This attempt at charity led to an ingenious evasion. The grace period, accepted with high good humor in the market place, became a mere sham. The lenders merely fixed a due date so close that borrowers could not hope to repay by then, following which huge penalties were added. The evasion and the practice survive to this day, and the courts commonly enforce, after default, a rate of charge in excess of that permitted by general usury laws. It persists in “revolving” or “flexible” charge accounts, in which no charge is made if a bill is paid within ten days or so, after which interest (called a “service charge”) of 18 per cent is added.

But the Church never approved of lending to the poor in order to profit from their poverty, nor of such things as “consumer’s loans”, formerly called “consumptive loans”, a rather more descriptive phrase. Indeed, to lend for any but productive purposes or to engage in commerce except as a service to the community was still immoral. In 1515 the Lateran Council pronounced: “This is the proper interpretation of usury, when gain is sought to be acquired from the use of a thing not in itself fruitful, without labor, expense or risk, on the part of the lender.” The element of risk loomed larger in importance, but the Church having made distinctions, it was not long before the law of England followed suit. Within thirty years, in 1545, came 37 Hen. 8, the first statute to legalize moderate usury.

Today it is commonly argued that the charging of interest on loans simply represents a fair and reasonable “rate of return” to moneylenders, to compensate them for their “risk” in making the loan.

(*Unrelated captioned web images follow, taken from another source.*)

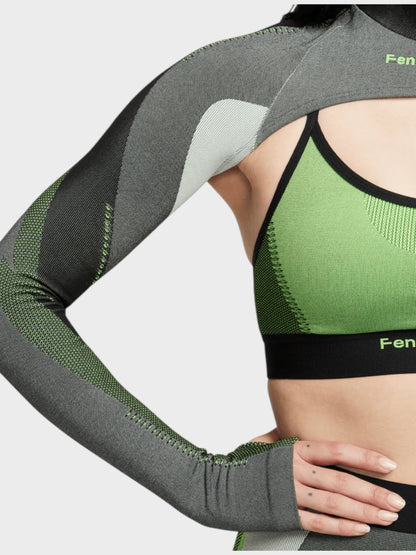 Long-sleeve knit top with ribbed cuffs, black trim, and gray/green paneling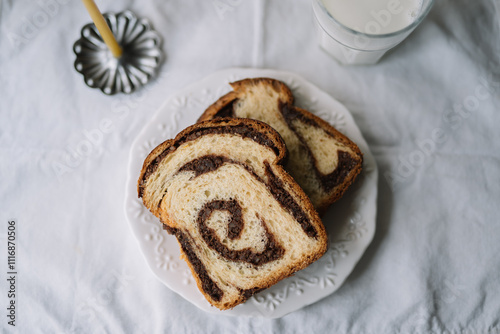 Close-up of swirl bread slices on white plate and cloth photo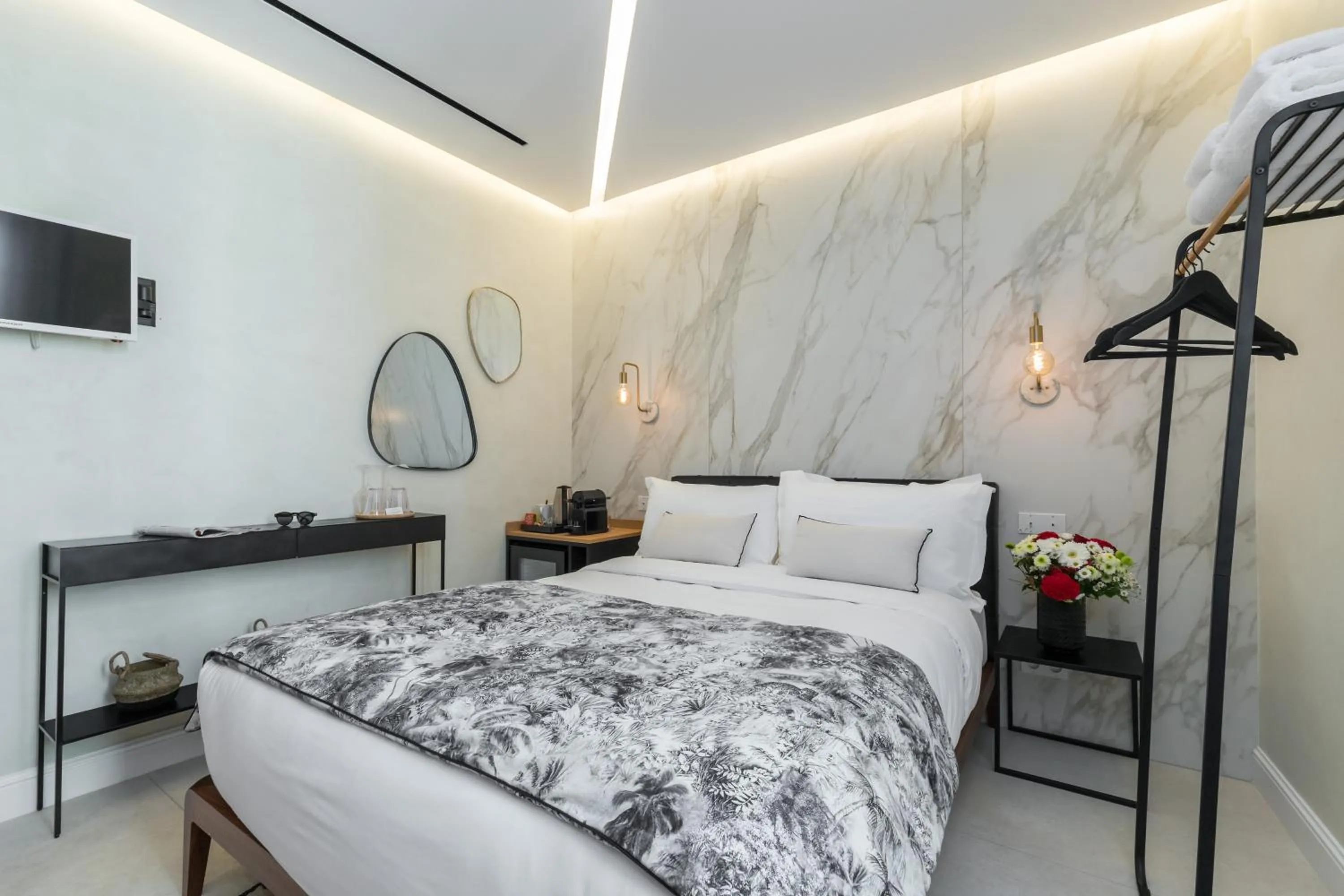 Bed in Le Dortoir Boutique Suites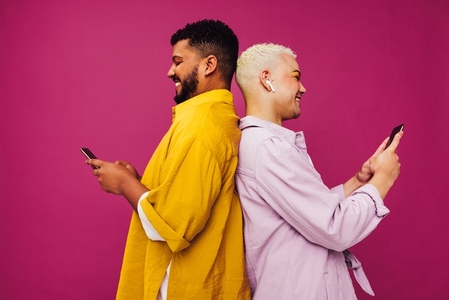 Smiling gay couple using mobile phones in a studio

This is self-serving bunkum.

As we have seen previously, there is no labor or “risk” involved in the modern process of “money” creation and lending. It is simply typed into existence, as a new digital bookkeeping entry. And even when the moneylenders take their money debt-creation schemes to stratospheric levels, blowing asset bubbles that lead to the total insolvency not just of millions of common people, but of their own institutions – (eg) the predatory mortgage lending practices in the USA preceding the GFC – the government conspires with the bankers to make them “whole” again. In the modern era, it is perfectly clear and beyond refutation that the lending of money by the banking system is risk-free … for the bankers.

In closing this post on usury, there is one more piece of research I’d like to share.

Biblically-literate readers will be familiar with the story of Abraham. As the man chosen by God to be “the father of many nations”, he is a central figure in the history of three powerful world faiths and their billions of adherents. Indeed, they are named after him – the “Abrahamic” faiths of Christianity, Islam, and Judaism.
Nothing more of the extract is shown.